(TASK ITEM) Please set down, unchanged, each line from the one with "Fone de Ouvido" to the final line of the data below, both included. Drop the pictures.

(PROVIDED MATERIAL)
::::

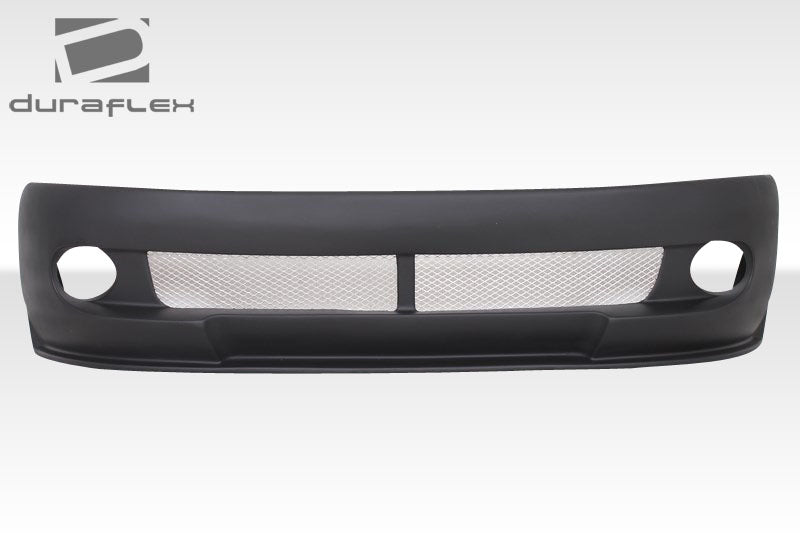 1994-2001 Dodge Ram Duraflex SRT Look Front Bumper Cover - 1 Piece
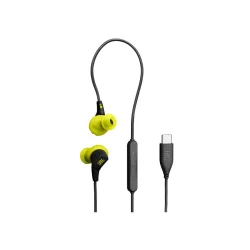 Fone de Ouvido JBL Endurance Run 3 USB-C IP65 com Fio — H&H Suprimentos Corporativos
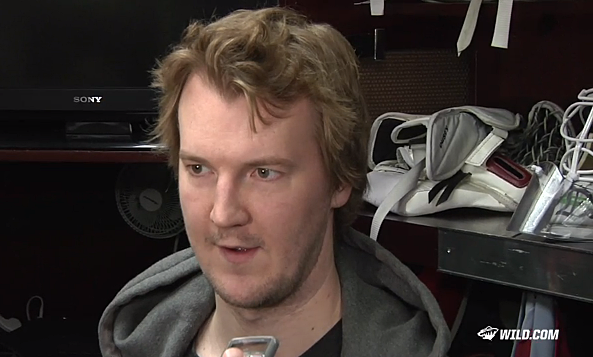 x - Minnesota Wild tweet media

::::

(RESULT)
 Fone de Ouvido JBL Endurance Run 3 USB-C IP65 com Fio — H&H Suprimentos Corporativos
 x - Minnesota Wild tweet media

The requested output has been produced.